The Other Conquest, film ambitieux du réalisateur Salvador Carrasco, péche de ne pas être un grand film épique. Le film se voulant épique n’arrive en effet pas à capturer la violence qui entoura la conquête du Mexique en 1521 et n’apporte pas pour autant une profondeur spirituelle qui expliquerait la conquête espagnole des aztèques et l’affrontement de deux religions symbolisées par la Vierge et la déesse aztèque Tonatzin. Et aprés les résultats décourageants de The Road to El Dorado (Dreamworks), cette tendance ne fait que confirmer l’échec cuisant des cinéastes actuels espérant attirer les spectateurs latinos sur les rimes simplistes des Nina, Pinta, et Santa Maria.

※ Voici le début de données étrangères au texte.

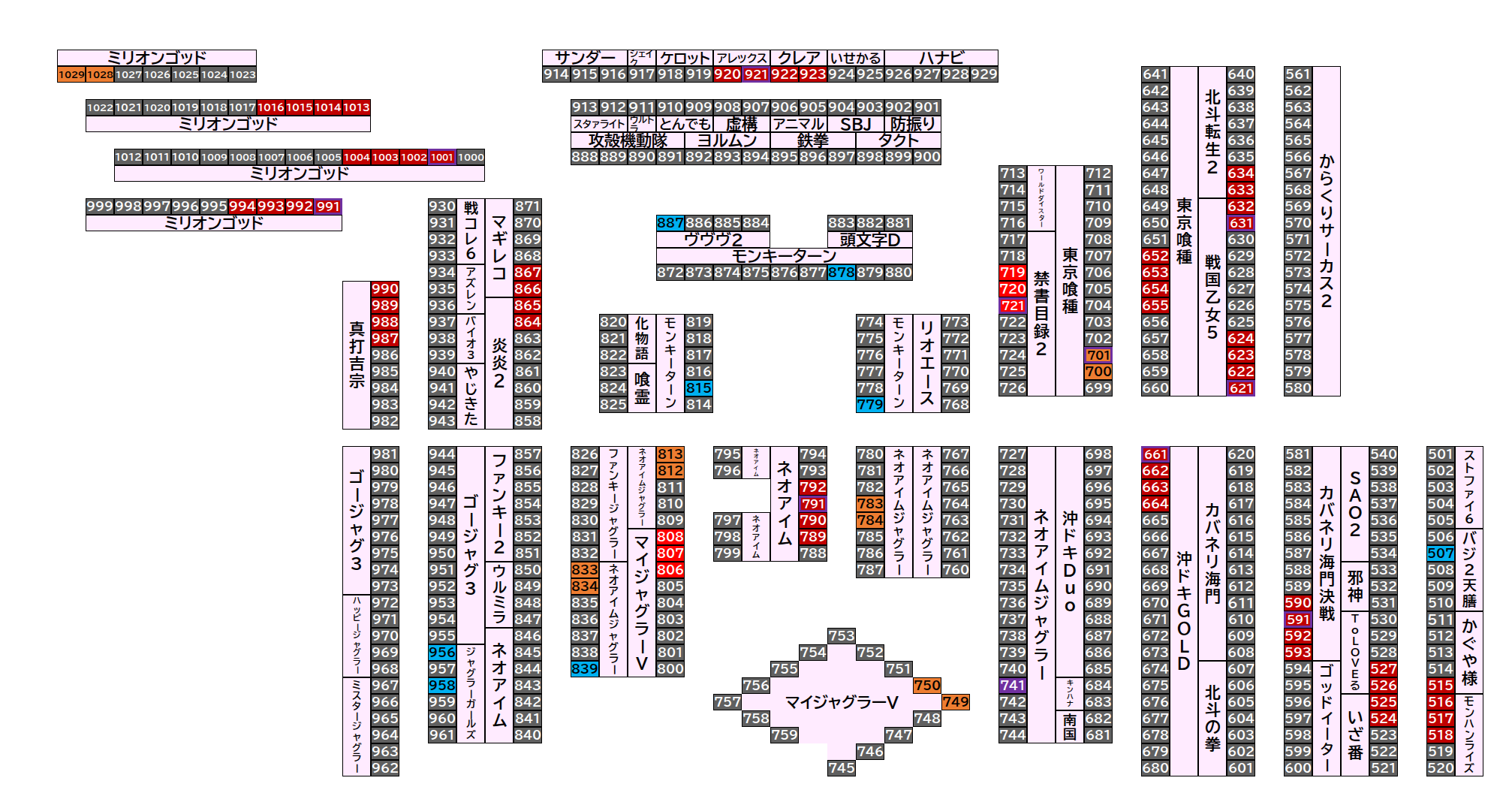 マルハンメガシティ伊勢崎 2026年9月1日(火)のフロアマップ。調査対象83台（台番507〜1029）を仕掛け種別ごとに色分けして配置したもの。仕掛け種別：2台並び、4台並び、4台並び ＋ 末尾1高配分、単品、3台並び、3台並び ＋ 末…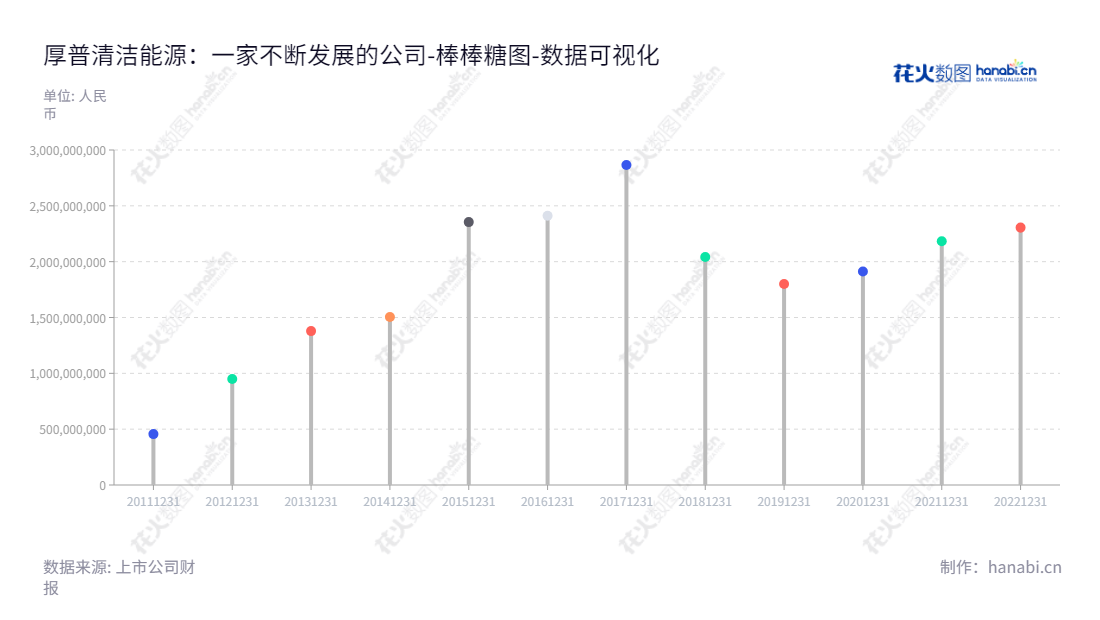 厚普清洁能源(集团)股份有限公司(Houpu Clean Energy Group Co., Ltd.)是一家专注于提供清洁能源整体解决方案的四川成都公司。董事长为王季文,总经理为王季文,资产总计稳步增加,回报稳定可靠。,"300471","厚普股份","Houpu Holding","王季文","王季文","国证2000","国证A指","数据可视化","上市公司财报","数据分析","棒棒糖图","花火数图","图表"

Damian Delgado y incarne Topiltzin, fils du roi Moctezuma, qui quelques années aprés la conquête du Mexique est l’un des derniers de sa race. Le codex (historique illustré) est l’ultime représentation de sa civilisation et de sa foi. Capturé par les espagnols, il n’est épargné que par l’intervention de sa noble soeur Tecuichpo (Elpidia Carrillo) devenue la compagne de Cortes, pour être confié aux bons soins de frère Fray Diego dans un but de conversion. S’en suit donc cette “other conquest” (autre conquête) de l’âme, et par la même un drâme classique: l’indien fier et entêté résiste à l’éthnocentrique religieux Fray Diego, dans un affrontement qui souligne la similarité des deux personnages (auncun d’eux ne trahira ses convictions). Cette bataille des volontés devient alors le thème porteur du film sans malheureusement tenter une exploration plus profonde de ce moment historique de fusion de deux religions. Le film suggère que la soif de religion est si forte qu’elle peut trouver des icônes de remplacement dans d’autres religions. Tonantzin et la vierge sont les même aux yeux du fidèle. Alors que sa dévotion à Tonantzin est flagrante, on ne peut que s’étonner de l'obsession de Topiltzin pour la Vierge Marie. Ainsi aprés des années passées à ignorer Fray Diego, il se prend du désir de voler la statue de Marie, mais dans quel but? Est-il conquis ou veut-il la conquérir? On ne le saura jamais. Il périt et elle le survit. Fray Diego qui les découvre les réunira dans la mort. Dans quel but? Si le but du film était d’expliquer la première apparition de la Vierge de Guadalupe, il commence alors sur un mensonge.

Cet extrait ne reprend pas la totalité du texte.